▶ **Work to complete**
In this exercise, retype exactly and only the lines from the top of the entries below through the line that holds "Reincarnate in DD2 Book", omitting pictures.

▶ **Data supplied**
- Opening Delimiter -

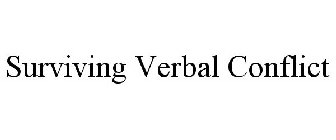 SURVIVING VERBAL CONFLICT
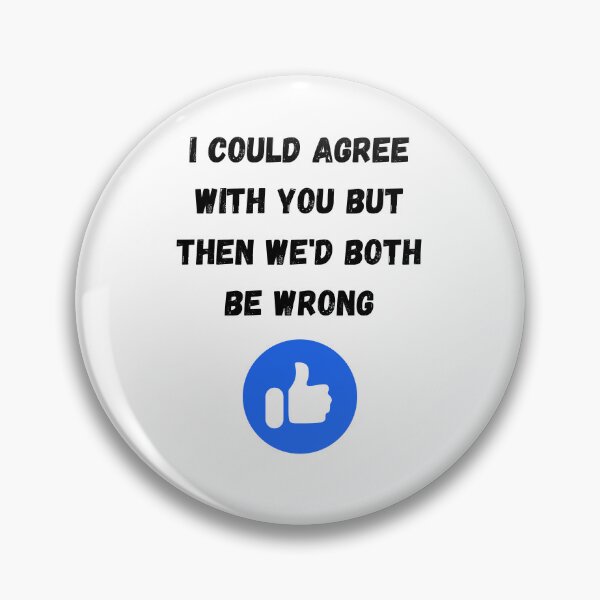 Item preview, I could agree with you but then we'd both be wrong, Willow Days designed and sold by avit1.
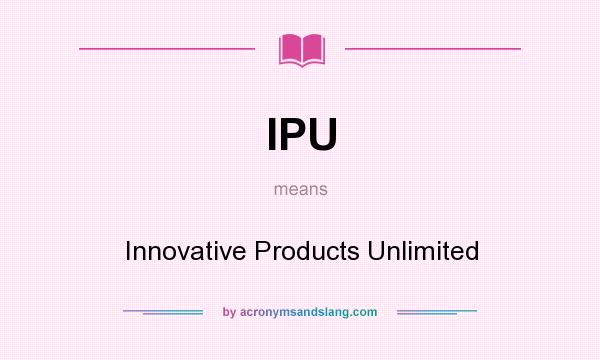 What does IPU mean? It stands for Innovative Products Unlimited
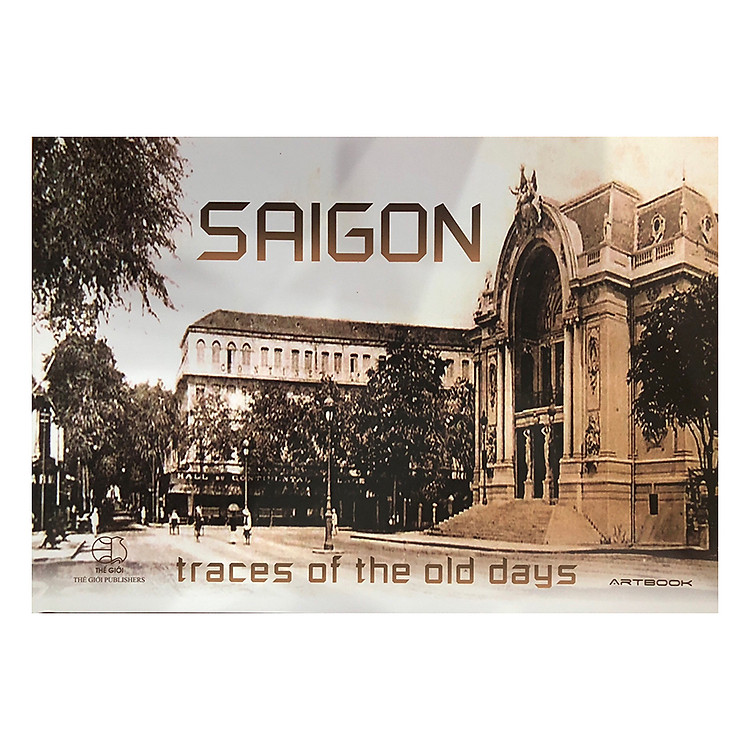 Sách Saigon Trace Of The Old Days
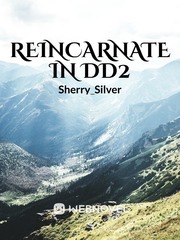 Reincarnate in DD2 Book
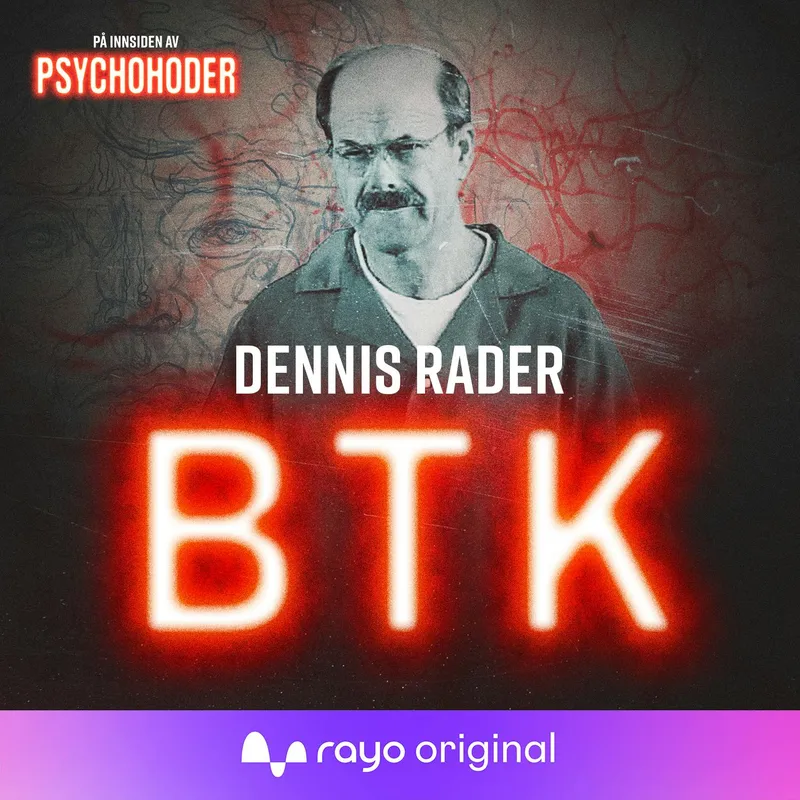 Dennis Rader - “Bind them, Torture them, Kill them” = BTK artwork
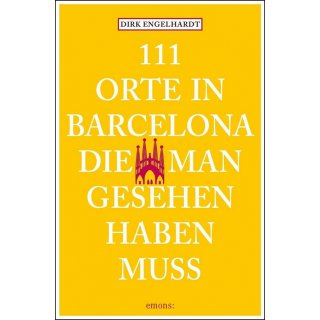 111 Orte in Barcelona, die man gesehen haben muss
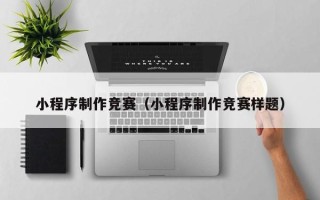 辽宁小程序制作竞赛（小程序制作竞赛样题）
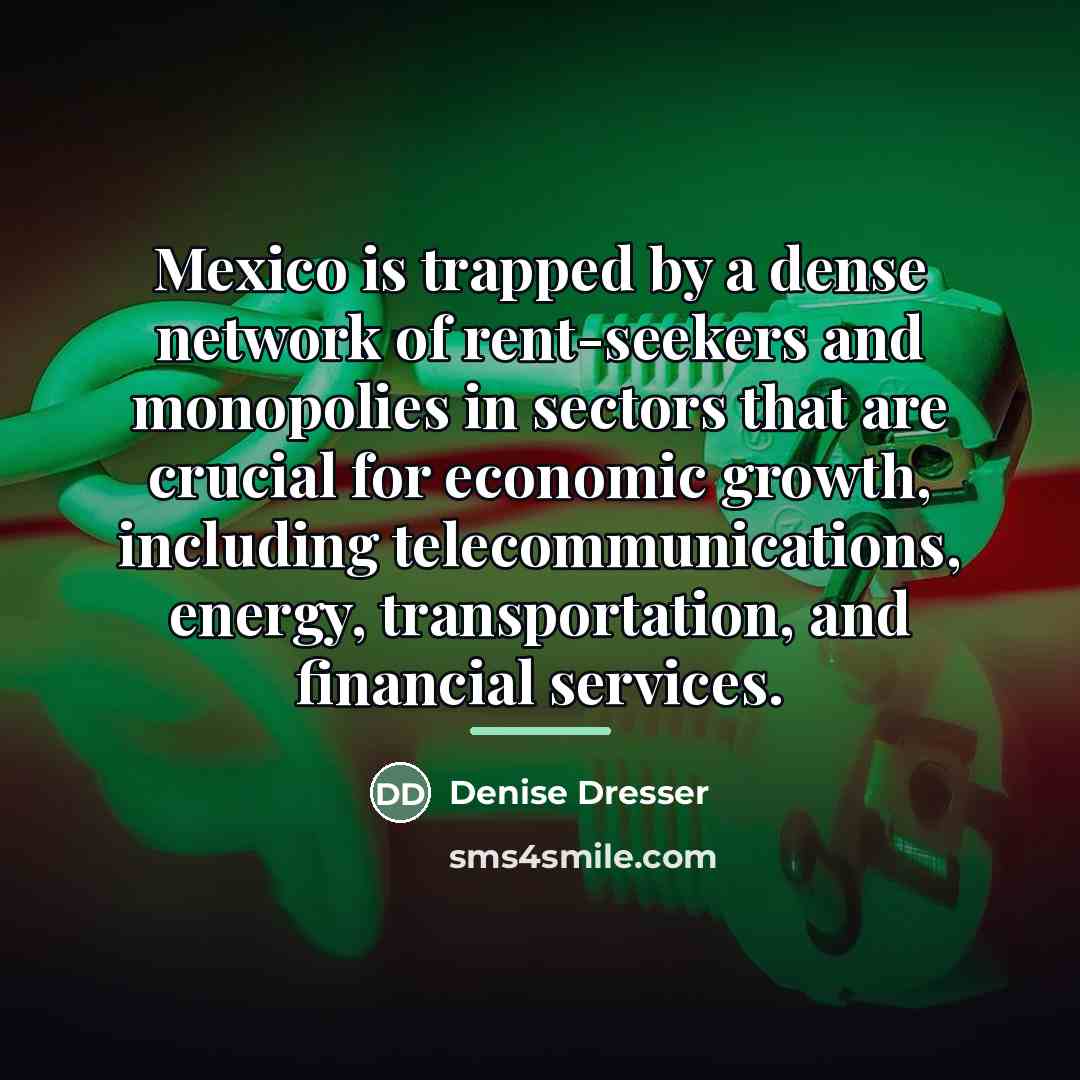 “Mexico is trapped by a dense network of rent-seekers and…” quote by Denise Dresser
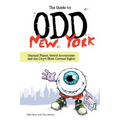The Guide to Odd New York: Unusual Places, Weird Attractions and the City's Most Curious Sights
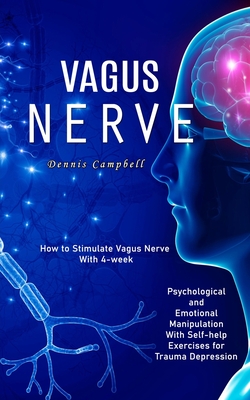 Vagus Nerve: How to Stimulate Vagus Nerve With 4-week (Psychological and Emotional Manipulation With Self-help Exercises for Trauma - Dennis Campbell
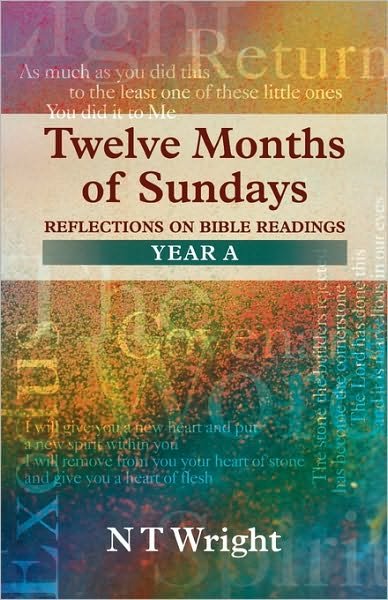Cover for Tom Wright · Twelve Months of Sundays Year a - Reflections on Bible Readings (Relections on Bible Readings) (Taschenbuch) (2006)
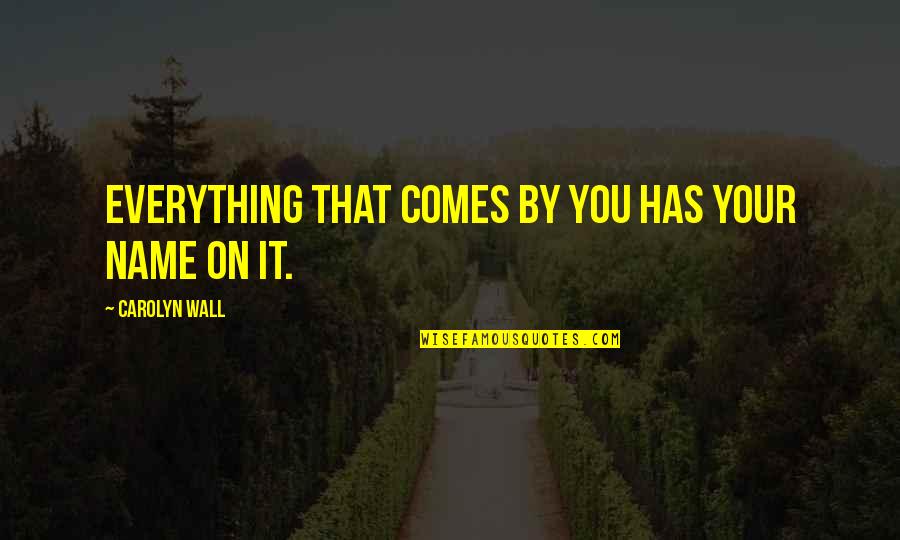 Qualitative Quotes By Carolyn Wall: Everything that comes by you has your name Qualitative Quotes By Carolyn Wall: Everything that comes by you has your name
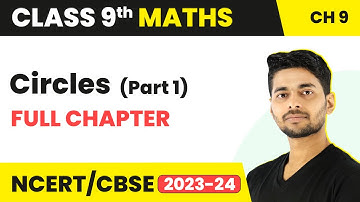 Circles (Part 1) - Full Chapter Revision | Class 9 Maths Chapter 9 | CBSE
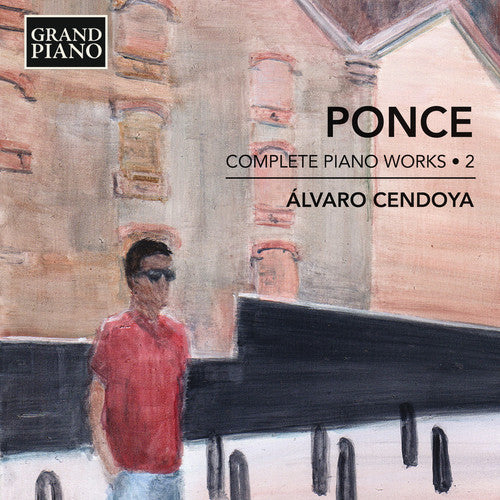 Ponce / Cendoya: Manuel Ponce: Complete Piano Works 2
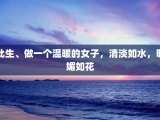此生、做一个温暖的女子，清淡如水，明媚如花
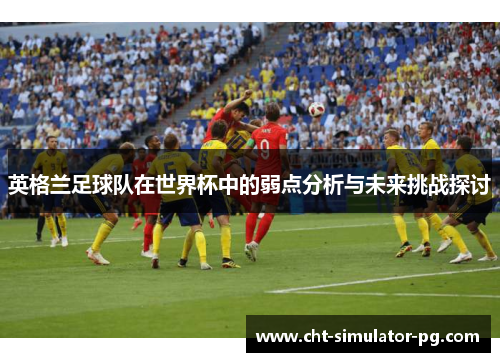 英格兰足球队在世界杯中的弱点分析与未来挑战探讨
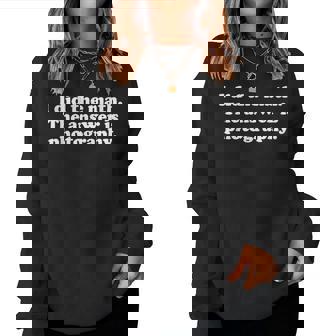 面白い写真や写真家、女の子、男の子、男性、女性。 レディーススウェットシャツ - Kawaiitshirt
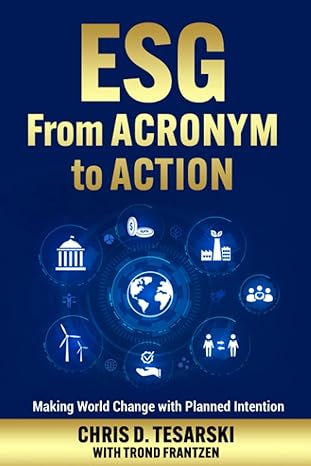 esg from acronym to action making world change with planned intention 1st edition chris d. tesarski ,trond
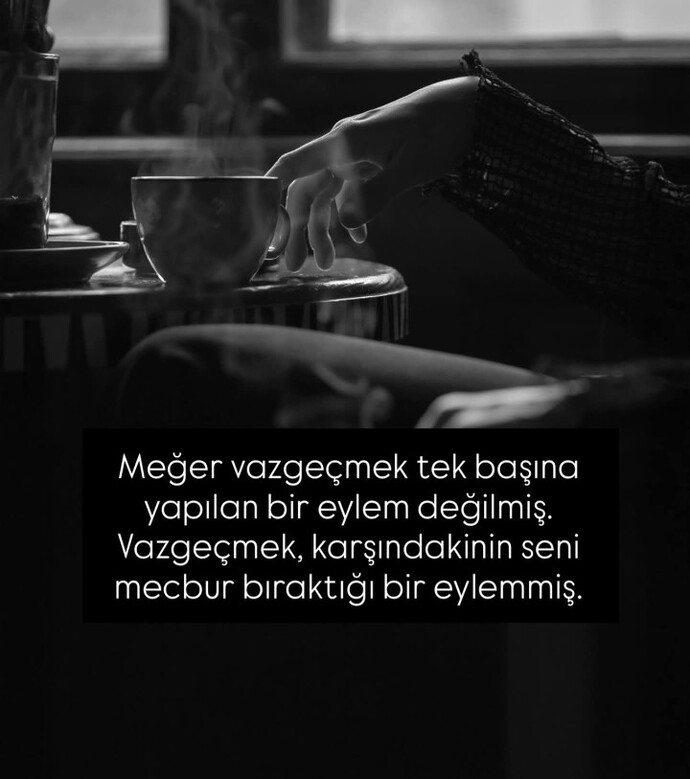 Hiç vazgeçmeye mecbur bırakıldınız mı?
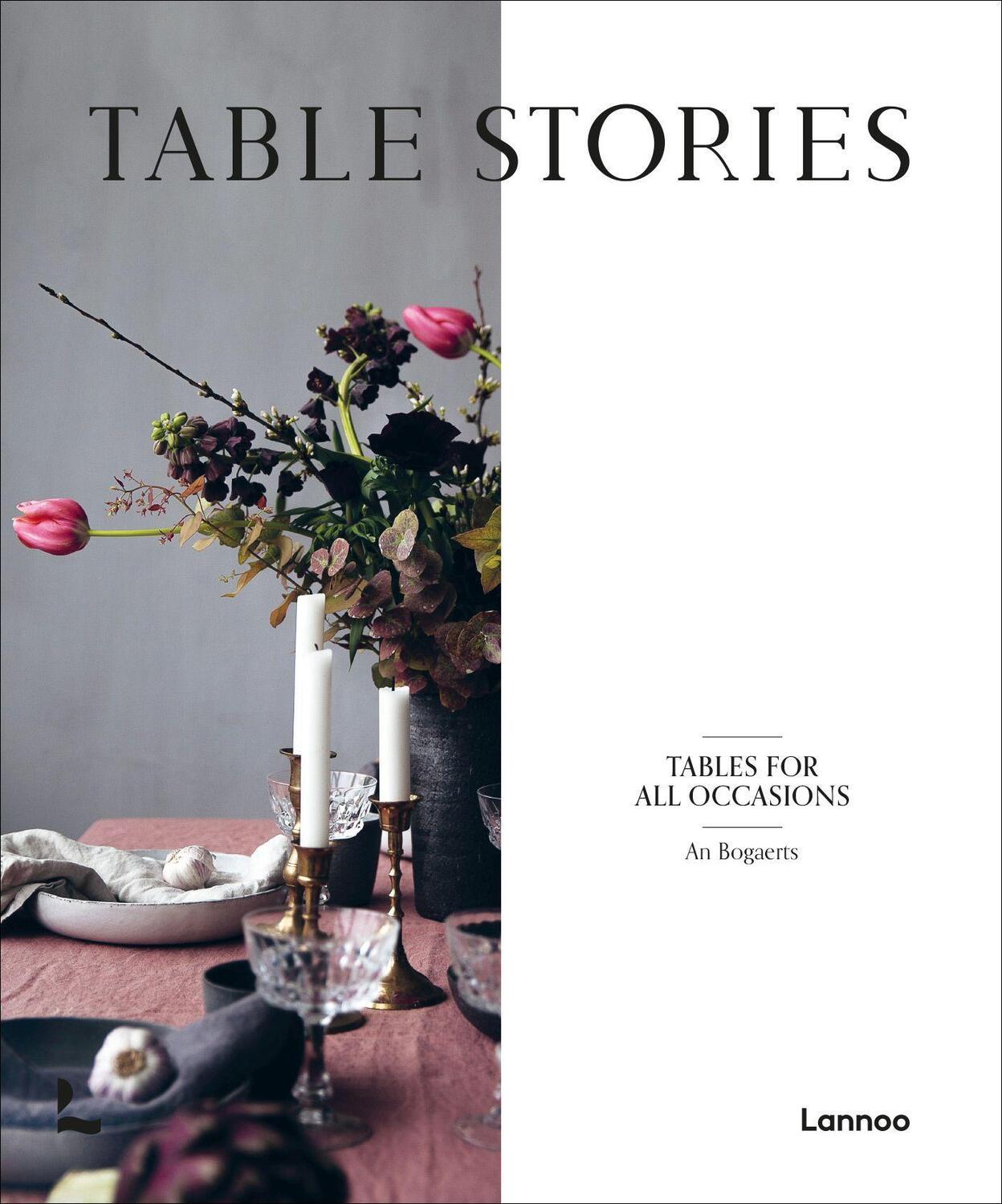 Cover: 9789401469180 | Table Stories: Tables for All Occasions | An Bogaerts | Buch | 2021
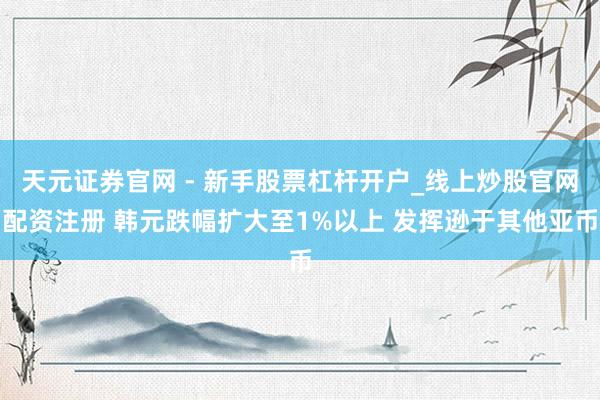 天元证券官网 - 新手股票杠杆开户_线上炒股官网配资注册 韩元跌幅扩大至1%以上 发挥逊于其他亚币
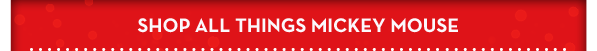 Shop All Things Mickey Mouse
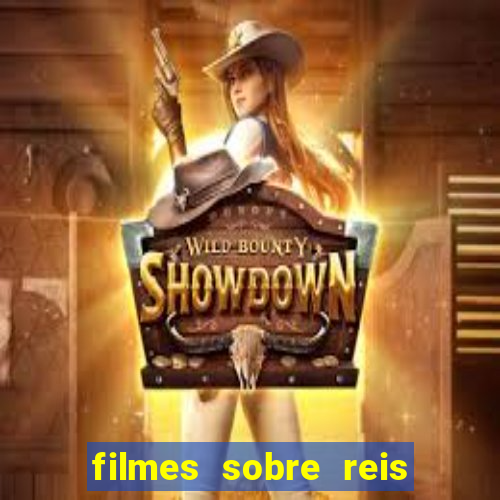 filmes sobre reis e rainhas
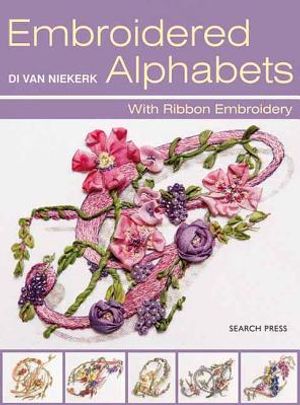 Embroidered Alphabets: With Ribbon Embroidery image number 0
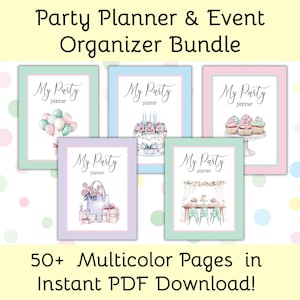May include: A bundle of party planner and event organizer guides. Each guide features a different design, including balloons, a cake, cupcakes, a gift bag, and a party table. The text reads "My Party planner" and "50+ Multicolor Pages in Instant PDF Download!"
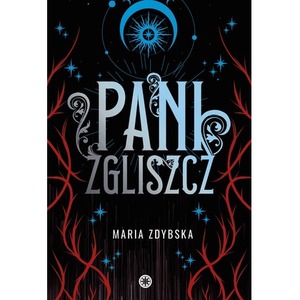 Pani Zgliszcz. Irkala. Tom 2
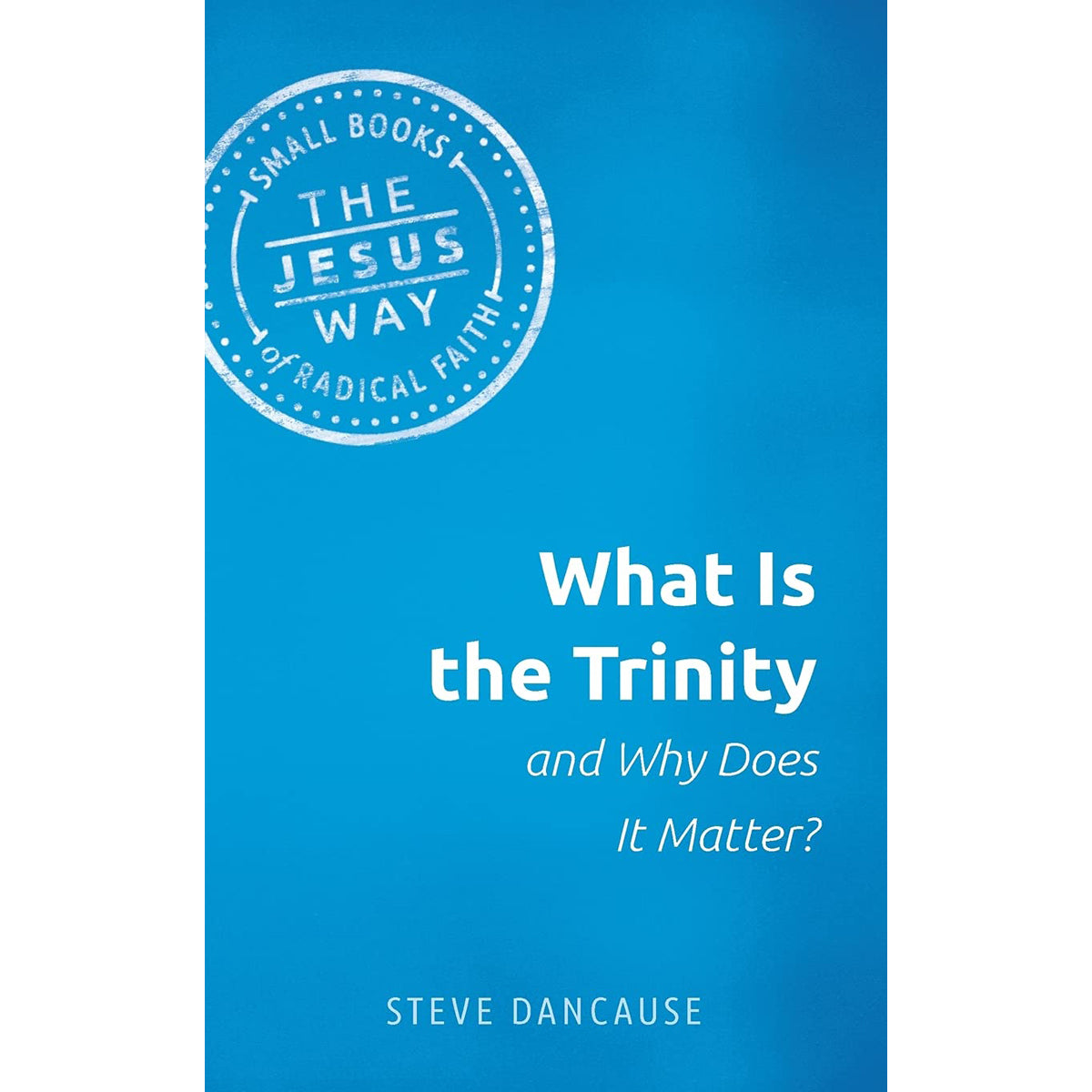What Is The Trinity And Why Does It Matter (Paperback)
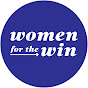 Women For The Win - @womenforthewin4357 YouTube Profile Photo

- Closing Delimiter -

▶ **Answer space**
 SURVIVING VERBAL CONFLICT
 Item preview, I could agree with you but then we'd both be wrong, Willow Days designed and sold by avit1.
 What does IPU mean? It stands for Innovative Products Unlimited
 Sách Saigon Trace Of The Old Days
 Reincarnate in DD2 Book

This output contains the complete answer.